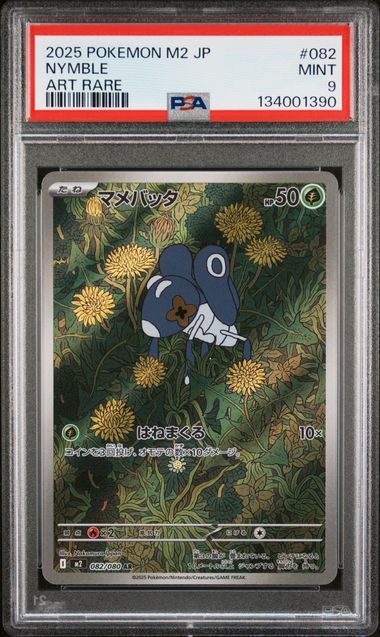 Carta Gradeada - Nymble - PSA9 - M2 - Japonés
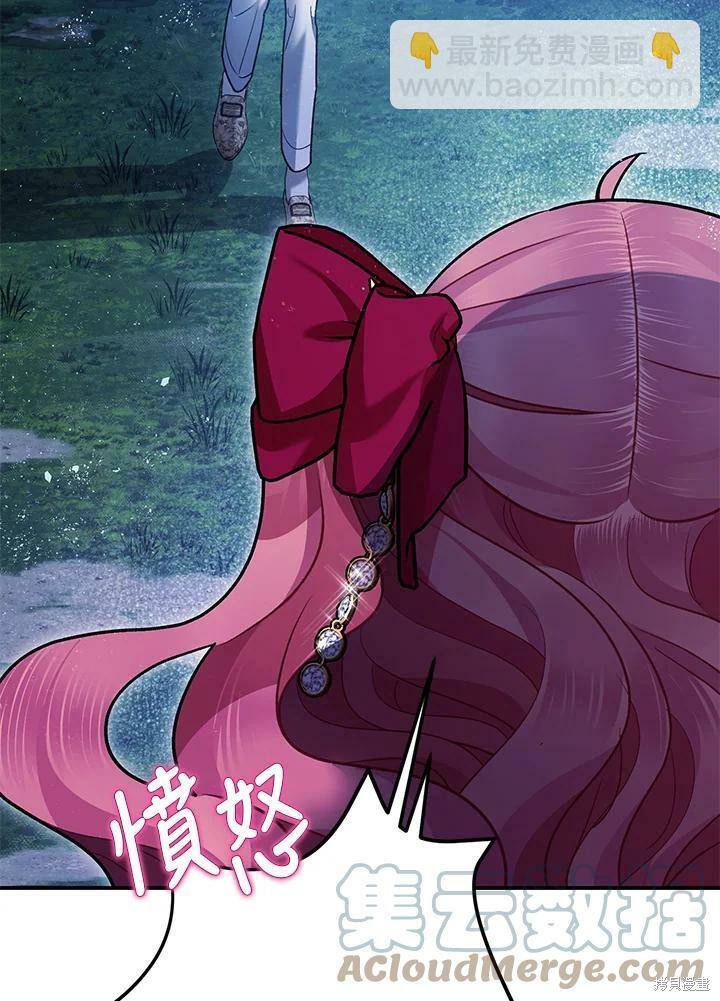 《暴君的精神安定剂》第57话 第48页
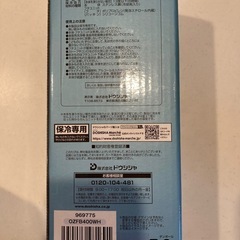 氷点下ボトル　の画像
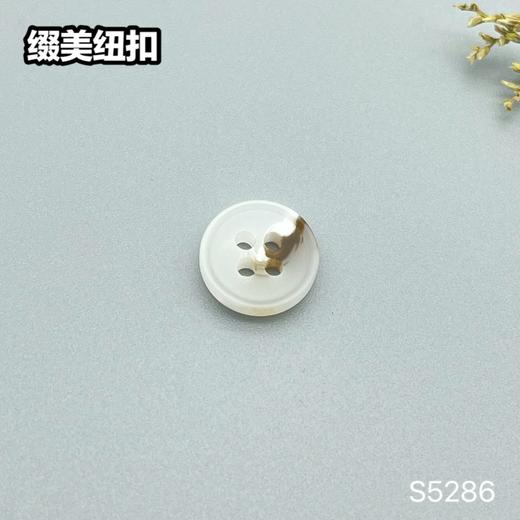 S5286(整包购买) 商品图1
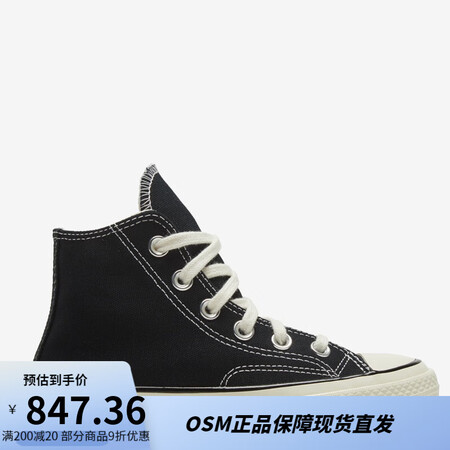 匡威（Converse）匡威 1970S经典男复古高帮帆布鞋...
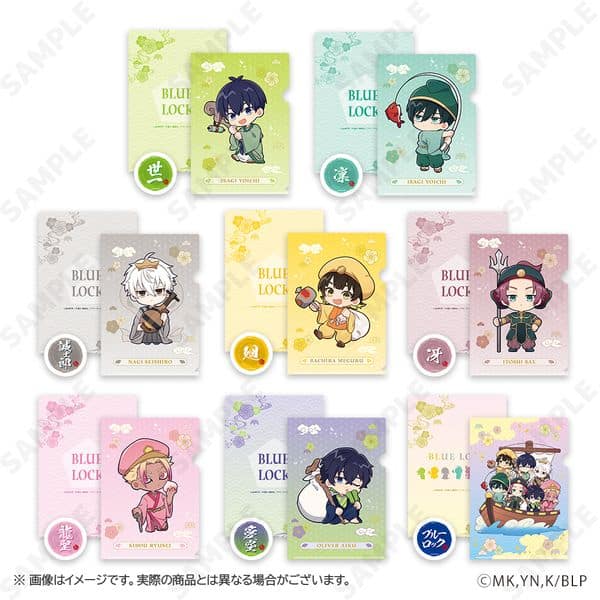 ブルーロック ミニクリアファイルコレクション ふくふく七福神 【1BOX】 キャラアニで
                                                2025年9月発売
-- -- --
- [GOAL OF THE EXERCISE]:
Where a picture appears, skip it and copy the rest of the data word for word.

- [EXERCISE SOLUTION]:
 Carta Gradeada - Nymble - PSA9 - M2 - Japonés
 《暴君的精神安定剂》第57话 第48页
 氷点下ボトル　の画像
 S5286(整包购买) 商品图1
 匡威（Converse）匡威 1970S经典男复古高帮帆布鞋...
 ブルーロック ミニクリアファイルコレクション ふくふく七福神 【1BOX】 キャラアニで
                                                2025年9月発売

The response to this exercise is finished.